I am not a politician. I am not a psychologist. But I am a clergyman and I join with others in denouncing the emaciated spirituality that parades at this moment in our country as Christianity. Resist this xenophobic fascist movement that spews its hatred against women, minorities, and anyone who appears different to it. Let your voice be heard. Christ practiced a radical table fellowship. He healed the sick. He denounced puppet rulers and megalomaniacal princes of this world. A specter is haunting America, it is the specter of ghosts we thought we had conquered in World War Two. Come together. For justice. For peace. For merciful and kind citizenship. ~ See you Sunday. ~PSTR
I am not suggesting by the title to this brief excursus that Donald Trump is not “a” problem or “has” no problems. That he is and has is more than obvious to anyone with a modicum of good sense, civility and intelligence. But he is not THE problem in our country at the moment. The problem is the death of civic discourse. Period.
Blame whomever you want and whom you blame will likely depend upon your political allegiances, but the discourse in the Congress rivals the flame throwing demagogues of slavery and civil war in the 19th century. This is not just sad and if it were only sad then we could wait for this phase to be finished and move on, but this is dangerous. This kind of discourse has led to wars, not just in the 19th century in our bloodiest conflict, The Civil War, but most recently in our country’s invasion of a nation (Iraq) that had not attacked us. A Christian should be able to discern these things, discerning crooked speech (as Proverbs would describe it) and the difference between just wars and unjust wars.
Fan or no fan of John McCain, we know that he was a prisoner of war in a Hanoi prison having his body beaten and his mind robbed of any peace while Donald Trump was very, very, very comfortable and pursuing a hedonistic life style. Oh, well. As I said, a Christian should be able to discern crooked speech from just speech. Psalm 34:13-14, for example:
Keep your tongue from evil,
and your lips from speaking deceit.
Depart from evil, and do good;
seek peace, and pursue it.
and Psalm 37:30:
The mouths of the righteous utter wisdom,
and their tongues speak justice.
We could be here all week proof-texting the scripture and its emphasis upon telling truth, pursuing peace and how the wise, unlike the fools, do this. We need someone to educate and train us about a civic discourse that listens to others and to contrary opinions in constructive ways and how to engage others with the very dignity we expect and desire for ourselves.

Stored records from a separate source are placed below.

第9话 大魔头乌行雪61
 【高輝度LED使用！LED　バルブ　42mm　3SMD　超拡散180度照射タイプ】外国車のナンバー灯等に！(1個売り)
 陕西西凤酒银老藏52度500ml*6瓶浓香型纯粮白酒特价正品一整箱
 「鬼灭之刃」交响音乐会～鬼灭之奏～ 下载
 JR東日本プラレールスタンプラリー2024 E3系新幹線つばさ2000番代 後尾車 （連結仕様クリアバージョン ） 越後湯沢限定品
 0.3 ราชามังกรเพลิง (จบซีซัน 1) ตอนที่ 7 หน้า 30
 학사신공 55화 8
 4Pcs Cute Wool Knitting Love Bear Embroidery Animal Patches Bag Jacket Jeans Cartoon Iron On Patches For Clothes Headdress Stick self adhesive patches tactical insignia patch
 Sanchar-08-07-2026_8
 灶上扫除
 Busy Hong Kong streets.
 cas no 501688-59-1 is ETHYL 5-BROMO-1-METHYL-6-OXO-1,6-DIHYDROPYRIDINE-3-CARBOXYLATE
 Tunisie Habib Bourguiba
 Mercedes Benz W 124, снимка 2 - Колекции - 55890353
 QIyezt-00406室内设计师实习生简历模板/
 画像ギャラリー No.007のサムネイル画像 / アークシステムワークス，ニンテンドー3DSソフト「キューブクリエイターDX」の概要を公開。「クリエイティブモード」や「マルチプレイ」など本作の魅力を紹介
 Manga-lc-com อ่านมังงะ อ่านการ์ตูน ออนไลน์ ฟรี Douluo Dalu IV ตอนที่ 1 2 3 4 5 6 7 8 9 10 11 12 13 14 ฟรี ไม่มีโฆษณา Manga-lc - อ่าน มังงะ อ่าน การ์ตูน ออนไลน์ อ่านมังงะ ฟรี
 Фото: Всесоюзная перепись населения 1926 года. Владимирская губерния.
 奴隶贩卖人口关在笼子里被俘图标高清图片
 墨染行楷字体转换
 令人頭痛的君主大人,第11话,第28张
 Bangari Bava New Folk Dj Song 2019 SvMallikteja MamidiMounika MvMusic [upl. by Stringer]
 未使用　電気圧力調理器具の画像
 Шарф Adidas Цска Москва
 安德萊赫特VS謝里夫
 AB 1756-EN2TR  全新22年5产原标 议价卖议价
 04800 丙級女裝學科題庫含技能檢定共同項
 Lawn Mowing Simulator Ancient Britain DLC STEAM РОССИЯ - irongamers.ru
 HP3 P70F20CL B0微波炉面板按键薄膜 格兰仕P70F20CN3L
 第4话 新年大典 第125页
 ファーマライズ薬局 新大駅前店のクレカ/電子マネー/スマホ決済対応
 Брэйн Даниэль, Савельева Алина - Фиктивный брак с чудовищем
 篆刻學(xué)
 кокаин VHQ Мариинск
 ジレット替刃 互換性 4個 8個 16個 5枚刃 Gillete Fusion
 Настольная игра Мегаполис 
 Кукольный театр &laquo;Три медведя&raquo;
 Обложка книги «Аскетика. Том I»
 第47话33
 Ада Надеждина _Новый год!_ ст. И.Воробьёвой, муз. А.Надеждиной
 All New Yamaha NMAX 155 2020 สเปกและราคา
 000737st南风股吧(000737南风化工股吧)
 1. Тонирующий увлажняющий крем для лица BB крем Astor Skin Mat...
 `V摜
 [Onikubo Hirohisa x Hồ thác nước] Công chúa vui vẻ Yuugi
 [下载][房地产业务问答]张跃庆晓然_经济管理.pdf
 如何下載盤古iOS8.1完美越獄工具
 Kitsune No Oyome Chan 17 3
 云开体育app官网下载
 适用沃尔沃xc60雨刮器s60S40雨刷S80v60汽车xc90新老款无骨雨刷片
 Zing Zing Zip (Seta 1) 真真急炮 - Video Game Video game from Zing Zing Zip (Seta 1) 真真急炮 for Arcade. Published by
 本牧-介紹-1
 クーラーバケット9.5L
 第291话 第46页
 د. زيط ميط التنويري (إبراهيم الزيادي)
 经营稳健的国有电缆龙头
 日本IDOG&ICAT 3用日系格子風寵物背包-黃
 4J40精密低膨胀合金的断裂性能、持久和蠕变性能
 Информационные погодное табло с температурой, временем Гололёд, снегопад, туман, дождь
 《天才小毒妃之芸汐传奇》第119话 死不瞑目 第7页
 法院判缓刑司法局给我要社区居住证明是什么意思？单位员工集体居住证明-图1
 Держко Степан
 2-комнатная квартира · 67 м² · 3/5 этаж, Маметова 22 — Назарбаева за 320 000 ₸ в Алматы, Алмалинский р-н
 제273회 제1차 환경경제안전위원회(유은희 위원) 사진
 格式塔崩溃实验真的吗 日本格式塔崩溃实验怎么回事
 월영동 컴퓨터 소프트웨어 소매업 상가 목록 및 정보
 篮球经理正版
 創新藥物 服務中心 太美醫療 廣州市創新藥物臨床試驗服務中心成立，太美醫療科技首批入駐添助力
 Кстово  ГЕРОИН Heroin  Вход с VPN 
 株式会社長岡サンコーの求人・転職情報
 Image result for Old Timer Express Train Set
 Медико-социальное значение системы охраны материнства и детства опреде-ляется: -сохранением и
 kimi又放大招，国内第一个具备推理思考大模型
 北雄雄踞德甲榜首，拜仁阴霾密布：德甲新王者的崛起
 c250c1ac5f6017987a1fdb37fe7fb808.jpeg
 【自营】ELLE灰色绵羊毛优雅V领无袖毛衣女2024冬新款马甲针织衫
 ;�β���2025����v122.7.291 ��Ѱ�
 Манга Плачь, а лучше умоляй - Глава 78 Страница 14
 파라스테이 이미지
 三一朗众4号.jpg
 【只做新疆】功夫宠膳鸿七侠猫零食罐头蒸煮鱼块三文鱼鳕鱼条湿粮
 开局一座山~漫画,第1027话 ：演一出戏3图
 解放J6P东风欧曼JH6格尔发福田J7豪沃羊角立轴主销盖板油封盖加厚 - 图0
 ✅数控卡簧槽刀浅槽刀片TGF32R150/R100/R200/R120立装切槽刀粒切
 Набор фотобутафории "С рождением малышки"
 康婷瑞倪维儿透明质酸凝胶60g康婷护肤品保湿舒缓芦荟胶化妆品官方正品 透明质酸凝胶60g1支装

The problem most likely goes deeper than what I’ve stated. It is not just that we are observing the death of civil discourse, but we are witnessing what happens when people give up on each other because they have given up on any idea that they are soul-ful creatures who are expected to live on a higher plane than brute, Darwinist principles of survival. Let me end with this strand of verse from Proverbs 16:27:
Scoundrels create trouble;
their words are a destructive blaze.
Avoid scoundrels. If you see smoke and fire rising out of words of persons who seek nothing less than to be your ruler, your President, then by all means, think again. With a heart full of gratitude for God’s abiding love and mercy, let our speech adorn our lives with truth, kindness and wisdom.